When Jerome David Salinger died in January, he had been dodging fans and journalists for more than 40 years. Salinger rose to prominence in the mid-1950s, an era of media expansion in which writers became celebrities, and in which celebrity itself could shape an entire literary career. Like many young writers, Salinger first embraced fame. But he soon came to despise it, famously retreating to small-town New Hampshire and refusing to publish after 1965, though he is rumored to have continued writing. One way he protected himself was by holding tightly to his copyright, refusing permission to publish the personal papers and manuscripts that surfaced over the decades.

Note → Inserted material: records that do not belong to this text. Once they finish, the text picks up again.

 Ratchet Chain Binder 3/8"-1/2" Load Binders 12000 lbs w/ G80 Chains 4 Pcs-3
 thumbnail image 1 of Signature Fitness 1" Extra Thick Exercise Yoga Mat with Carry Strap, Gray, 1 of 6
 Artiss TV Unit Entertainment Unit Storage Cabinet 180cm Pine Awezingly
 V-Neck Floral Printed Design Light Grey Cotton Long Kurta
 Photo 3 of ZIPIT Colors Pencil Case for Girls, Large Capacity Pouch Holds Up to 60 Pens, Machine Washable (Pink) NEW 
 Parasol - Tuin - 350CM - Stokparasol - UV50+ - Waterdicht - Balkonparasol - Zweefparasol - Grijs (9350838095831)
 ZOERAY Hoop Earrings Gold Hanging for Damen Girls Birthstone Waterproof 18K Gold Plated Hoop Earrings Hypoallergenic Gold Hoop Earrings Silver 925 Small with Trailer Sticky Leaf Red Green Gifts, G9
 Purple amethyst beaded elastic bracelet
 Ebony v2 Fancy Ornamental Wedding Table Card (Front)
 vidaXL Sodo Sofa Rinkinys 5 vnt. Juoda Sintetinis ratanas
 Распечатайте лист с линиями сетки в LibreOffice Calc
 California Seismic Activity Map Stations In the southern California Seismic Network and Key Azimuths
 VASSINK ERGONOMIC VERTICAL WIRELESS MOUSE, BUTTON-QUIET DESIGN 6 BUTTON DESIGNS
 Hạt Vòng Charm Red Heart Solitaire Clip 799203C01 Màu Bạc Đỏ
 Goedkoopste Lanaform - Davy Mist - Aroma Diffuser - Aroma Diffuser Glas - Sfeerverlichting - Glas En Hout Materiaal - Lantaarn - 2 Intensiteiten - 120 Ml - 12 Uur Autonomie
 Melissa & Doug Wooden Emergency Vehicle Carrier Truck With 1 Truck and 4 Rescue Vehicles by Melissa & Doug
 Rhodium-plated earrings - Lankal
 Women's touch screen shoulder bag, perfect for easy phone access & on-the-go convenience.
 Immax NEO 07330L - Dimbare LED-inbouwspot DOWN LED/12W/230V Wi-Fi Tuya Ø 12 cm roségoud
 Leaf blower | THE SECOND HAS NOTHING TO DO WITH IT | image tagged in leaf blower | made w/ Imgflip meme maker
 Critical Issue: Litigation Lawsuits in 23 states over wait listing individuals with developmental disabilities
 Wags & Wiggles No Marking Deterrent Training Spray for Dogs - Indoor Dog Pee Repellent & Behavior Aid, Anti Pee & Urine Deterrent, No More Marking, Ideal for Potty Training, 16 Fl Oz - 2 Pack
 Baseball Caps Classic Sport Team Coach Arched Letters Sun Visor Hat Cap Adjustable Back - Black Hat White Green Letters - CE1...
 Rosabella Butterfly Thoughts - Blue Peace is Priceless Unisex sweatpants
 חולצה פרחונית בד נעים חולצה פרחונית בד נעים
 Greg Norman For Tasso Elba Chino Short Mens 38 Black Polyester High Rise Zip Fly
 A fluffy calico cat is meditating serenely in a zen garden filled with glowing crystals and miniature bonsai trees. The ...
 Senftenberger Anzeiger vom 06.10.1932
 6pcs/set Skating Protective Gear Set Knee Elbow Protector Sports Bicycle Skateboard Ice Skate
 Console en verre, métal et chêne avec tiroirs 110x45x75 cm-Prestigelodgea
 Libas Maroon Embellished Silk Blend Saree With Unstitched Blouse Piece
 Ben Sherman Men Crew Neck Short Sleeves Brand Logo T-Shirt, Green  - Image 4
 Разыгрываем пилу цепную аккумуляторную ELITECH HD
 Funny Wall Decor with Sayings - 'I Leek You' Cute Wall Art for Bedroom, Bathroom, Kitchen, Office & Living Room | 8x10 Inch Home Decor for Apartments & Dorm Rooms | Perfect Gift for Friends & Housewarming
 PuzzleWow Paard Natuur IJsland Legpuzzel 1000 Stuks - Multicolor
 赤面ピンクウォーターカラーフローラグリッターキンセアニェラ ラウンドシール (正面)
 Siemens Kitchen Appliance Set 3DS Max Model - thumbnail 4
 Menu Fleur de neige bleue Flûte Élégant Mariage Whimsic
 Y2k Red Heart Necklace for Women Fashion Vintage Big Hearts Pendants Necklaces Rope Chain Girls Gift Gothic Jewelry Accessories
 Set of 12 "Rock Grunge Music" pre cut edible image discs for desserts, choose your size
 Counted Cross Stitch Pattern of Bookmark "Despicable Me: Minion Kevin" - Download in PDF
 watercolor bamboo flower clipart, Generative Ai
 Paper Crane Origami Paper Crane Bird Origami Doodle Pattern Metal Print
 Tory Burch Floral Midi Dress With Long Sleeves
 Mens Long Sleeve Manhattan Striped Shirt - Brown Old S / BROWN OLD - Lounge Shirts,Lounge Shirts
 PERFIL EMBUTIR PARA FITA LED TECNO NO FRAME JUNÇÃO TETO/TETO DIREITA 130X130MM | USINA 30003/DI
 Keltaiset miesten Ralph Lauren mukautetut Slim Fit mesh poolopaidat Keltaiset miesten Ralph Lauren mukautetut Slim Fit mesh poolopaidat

The Harry Ransom Center is one of a handful of repositories that house small collections of J. D. Salinger manuscripts. Such collections have generally been sold or donated by the writer’s friends or colleagues, or have arrived at as part of the working files of a magazine that has published Salinger’s work. The Ransom Center’s collection contains letters and manuscripts sent by Salinger to his long-time friend Elizabeth Murray, who sold them to the Center through a dealer in 1968.
Salinger met Murray in the late 1930s, and over the course of more than two decades (1940–1963) wrote her a series of newsy, often funny letters that provide substantial information about his efforts to publish his stories in various magazines. Most of the letters were written early in his career and show Salinger maturing into a serious writer. They also reveal much of his witty, wry personality; Salinger inhabits various personae in his letters, composing with off-the-wall humor (including an in-joke about Salinger’s taste for Ovaltine) and sometimes signing the name of one of his own characters. He shares his thoughts about other writers—Fitzgerald, Faulkner, and Hemingway (whom he met in Paris during the war)—and exposes details about his relationships with three women: Oona O’Neill (who later married Charlie Chaplin), his first wife Sylvia, and his second wife Claire. Salinger enclosed stories with some letters, notably including draft fragments of the first published Holden Caulfield story, “I’m Crazy” (1945), and drafts and fragments of two unpublished works.
Though these materials have long been available to researchers, they remain unpublished and cannot be quoted in scholarly publications. There is little doubt that J. D. Salinger’s death will prompt renewed interest in his life and work among scholars and general readers alike, and we must wait to see how the literary estate will choose to proceed with permissions. In the last few weeks, many of Salinger’s friends and neighbors have spoken openly for the first time about their relationships with the writer, and their openness seems promising: New Yorker journalist Lillian Ross published snapshots and reminiscences of her long friendship with the writer in the magazine, while inhabitants of Cornish, New Hampshire, have eagerly described to journalists the (often marvelously creative) methods they devised to protect their neighbor from curious and unscrupulous visitors alike.
Librarians and archivists have a practical interest in gaining more information about Salinger; the current lack of information about much of his life and work limits our ability to describe the artifacts in our possession, such as books inscribed from Salinger to unidentified recipients and manuscript drafts whose place in the chain of composition cannot be identified without access to earlier and later versions. In the meantime, we continue to encourage those interested in searching the collection to visit the Ransom Center. Visitors to the Ransom Center can view a display of some of the items discussed above in our main lobby from February 26 to March 12. The opening of the display corresponds with “A Tribute to J. D. Salinger,” an event with readings of Salinger materials by Elizabeth Crane, Amelia Gray, ZZ Packer, and John Pipkin. This event is co-sponsored by American Short Fiction.